- PXL065 Phase 2 trial for the treatment of NASH met its
primary efficacy endpoint for liver fat content reduction at
36-weeks for all doses.
- Histology findings from paired liver biopsies showed strong
improvement in fibrosis without worsening of NASH, consistent with
dose-dependent reduction of all biomarkers related to fibrogenesis
and fibrosis risk scores; improvement seen in other NASH histology
components.
- Additional benefits on glucose control (HbA1c) and multiple
indices of insulin sensitivity.
- Validation of PXL065 hypothesis - combining efficacy on
liver and metabolic endpoints with reduced potential for
PPARγ side effects (weight gain and edema).

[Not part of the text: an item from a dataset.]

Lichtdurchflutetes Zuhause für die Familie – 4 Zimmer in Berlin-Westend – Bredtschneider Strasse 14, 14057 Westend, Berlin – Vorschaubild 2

- Investor webcast today to further discuss data
The management team will host webcast conference calls on
Wednesday, September 21 at:
- 1:00 pm CEST, Paris time (7:00 am ET) in French
and
- 8:45 am ET, New York time (2:45 pm CEST) in
English.
A presentation will be available after the event on Poxel's
website in the Investor section.
To register for the webcast in French:
https://us02web.zoom.us/webinar/register/WN_z5Pgz18KRBqubDQ2QCjm7A
To register for the webcast in English:
https://us02web.zoom.us/webinar/register/WN_WC9_M_yvR_aKmJVcHJPXrg
POXEL SA (Euronext : POXEL - FR0012432516), clinical stage
biopharmaceutical company developing innovative treatments for
chronic serious diseases with metabolic pathophysiology, including
non-alcoholic steatohepatitis (NASH) and rare metabolic disorders,
today announced positive histology results for DESTINY-1
(Deuterium-stabilized R-pioglitazone [PXL065] Efficacy and Safety
Trial In NASH), the dose-ranging Phase 2 trial of PXL065 for the
treatment of NASH. PXL065 is a novel, proprietary
deuterium-stabilized R-stereoisomer of pioglitazone which has
reduced PPARγ activity, but retains non-genomic
thiazolidinedione (TZD) actions.
“Pioglitazone’s positive effects in 6 independent prior trials
where NASH patients were assessed via liver biopsy propelled the
study of PXL065 in patients with NASH and fibrosis. PXL065 is
differentiated from pioglitazone based on its distinct pharmacology
and lower potential for PPARγ-mediated side effects,”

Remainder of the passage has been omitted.